What to do: Once you find the line below that has "Foto homem comprando", output it and every line after it exactly, stopping after the line that has "Apartament 2 dormitoare", with no pictures.
:: Data provided ::
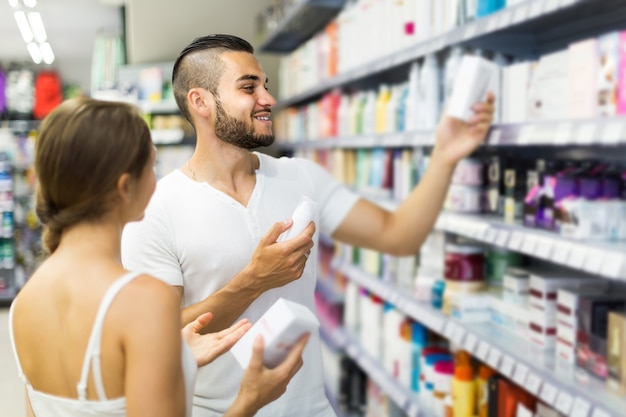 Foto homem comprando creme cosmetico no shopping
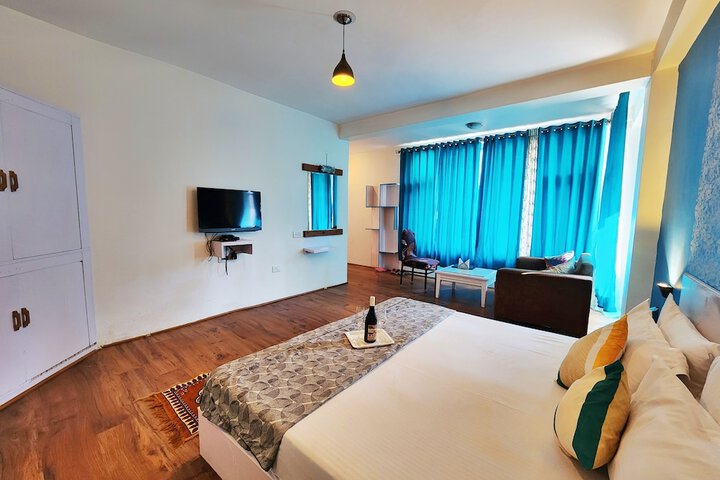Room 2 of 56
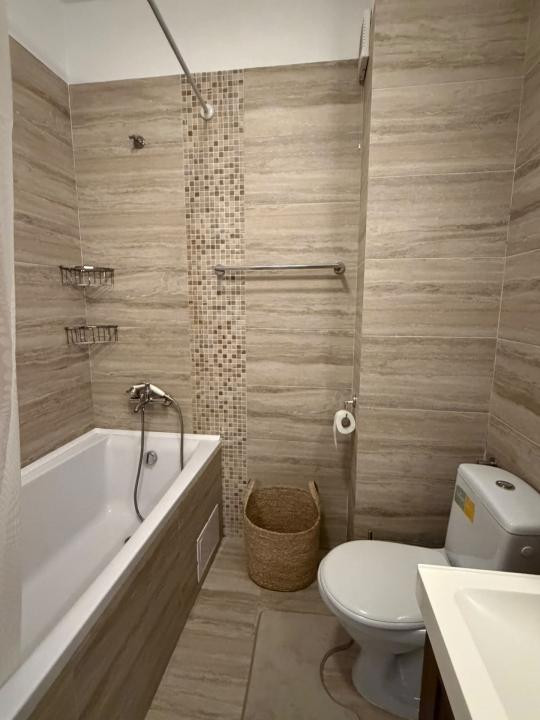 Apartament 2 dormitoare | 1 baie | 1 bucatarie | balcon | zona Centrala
:::
:: Data provided ::
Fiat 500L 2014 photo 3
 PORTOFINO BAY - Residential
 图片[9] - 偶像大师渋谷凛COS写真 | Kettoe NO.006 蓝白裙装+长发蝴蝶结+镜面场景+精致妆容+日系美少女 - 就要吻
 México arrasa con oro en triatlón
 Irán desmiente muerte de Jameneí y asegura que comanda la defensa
:::
Response to this exercise:
 Foto homem comprando creme cosmetico no shopping
Room 2 of 56
 Apartament 2 dormitoare | 1 baie | 1 bucatarie | balcon | zona Centrala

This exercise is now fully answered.